There are four capital gains tax (CGT) concessions available for small businesses. The concessions reduce the capital gain on business assets that must be included in a taxpayer’s assessable income.
The four concessions are: small business 15-year exemption, active asset, small business 50% active asset reduction, small business retirement exemption, and small business rollover.
The small business retirement exemption concession can exempt a capital gain on a business asset up to a lifetime retirement exemption limit of $500,000. An individual’s $500,000 limit is reduced by any previous amounts they have chosen to be exempt under the retirement exemption.
To qualify for this exemption the basic conditions that apply to all the CGT small business concessions must be met.
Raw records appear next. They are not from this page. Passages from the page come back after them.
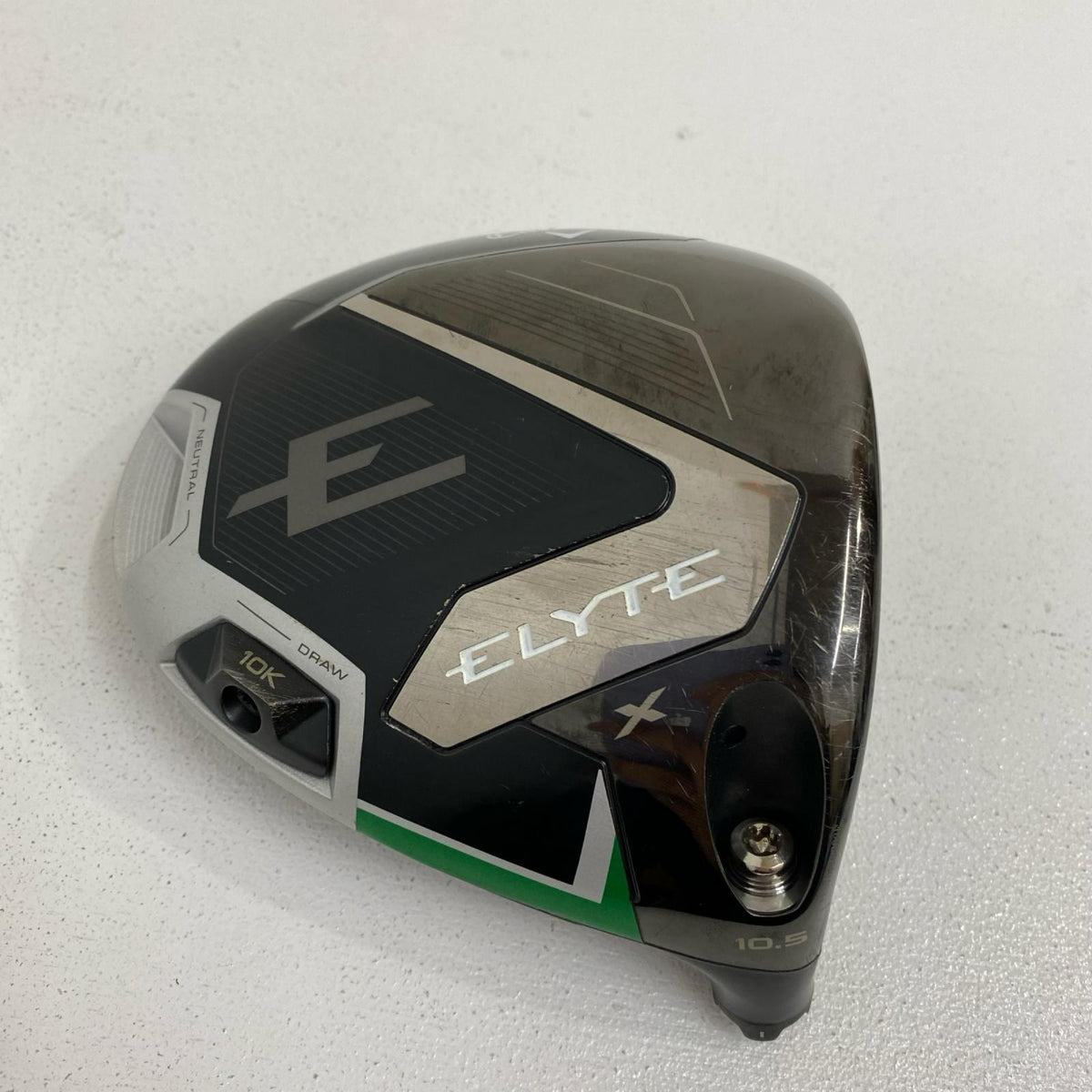Callaway | キャロウェイ CALLAWAY ELYTE X 10K(2025)10.5° ﾍｯﾄﾞのみ、ﾍｯﾄﾞｶﾊﾞｰ付属【加古川店】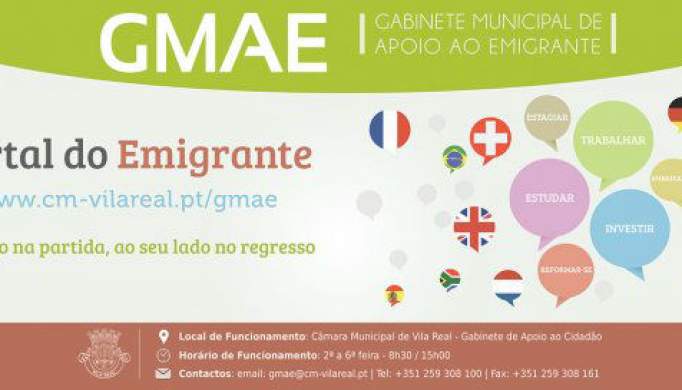 Municípo de Vila Real já tem Gabinete de Apoio ao Emigrante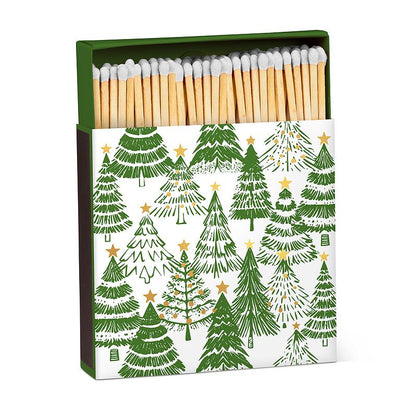 Decorated Tree Square Matches | Putti Christmas Celebrations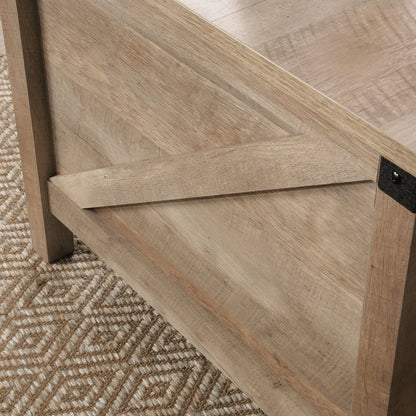 Bridge Acre Wood Lift-Top Coffee Table in Lintel Oak, Lintel Oak Finish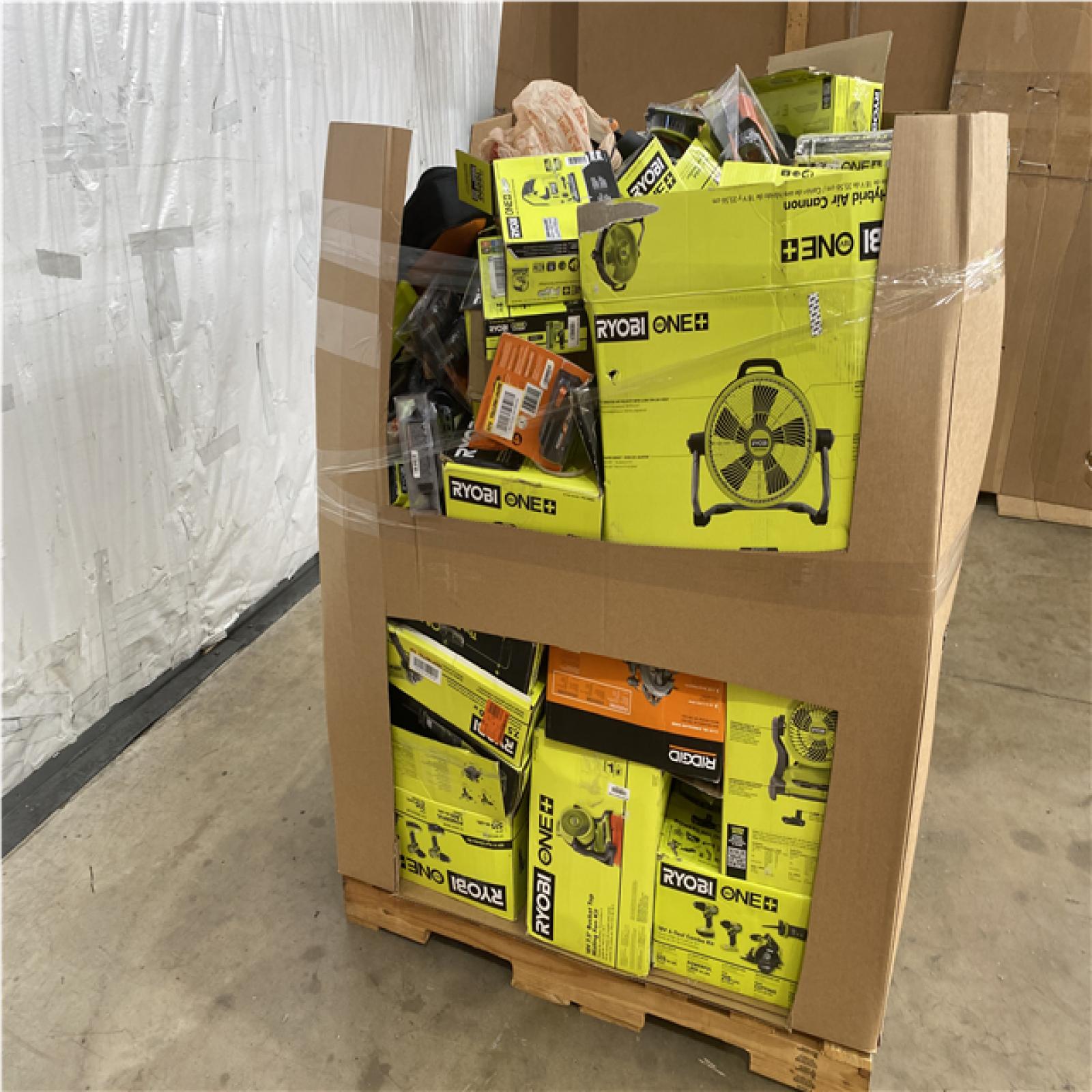 Houston Location - AS-IS Tool Pallet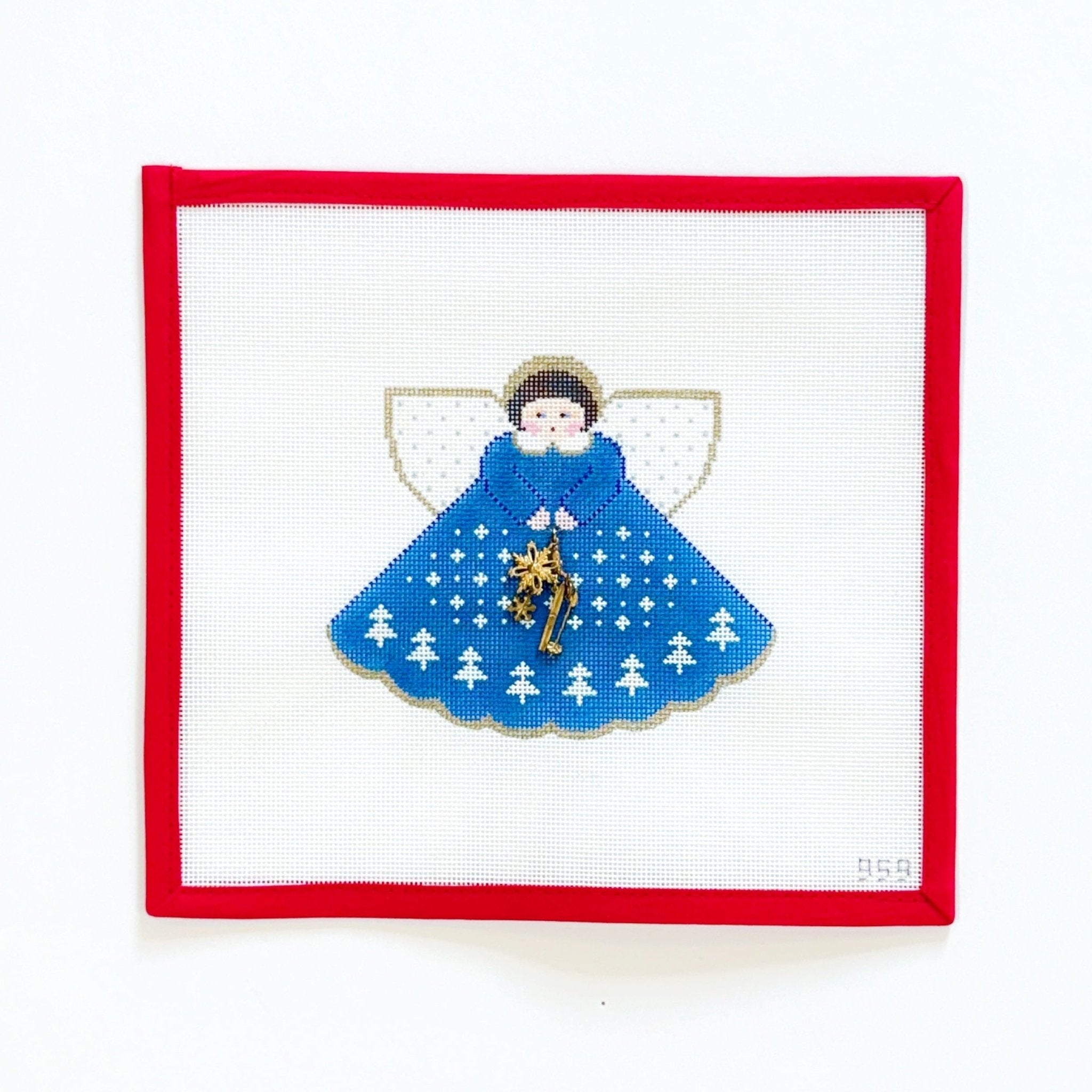 Ski - Charm AngelsPainted Pony DesignsCanvasThe Red Thread Atelier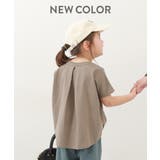 バックタック半袖Tシャツ 子供服 キッズ | devirock | 詳細画像5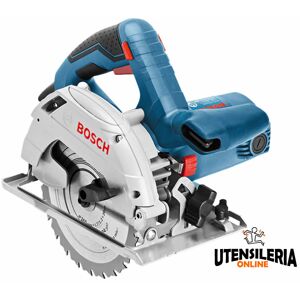 Bosch Sega circolare elettrica GKS 165 1.100W lama 165mm Bosch Sega circolare elettrica GKS 165 1.100W lama 165mm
These include that the taxpayer is either a small business entity (i.e. turnover less than $2 million, or has net assets less than $6 million).
If you are under 55 years old just before you choose the retirement exemption, then the exempt amount (which is the amount chosen to be exempt so it’s not taxable) needs to be contributed into a complying superannuation fund. The exempt amount must be contributed to the complying super fund prior to the date the tax return that includes the capital gain is lodged with the ATO.
If you are aged 55 or more just before choosing to apply the retirement exemption, then the exempt proceeds do not need to be paid into a superannuation fund.
When applying this CGT small business retirement exemption it is not necessary to actually retire or have any intention to retire.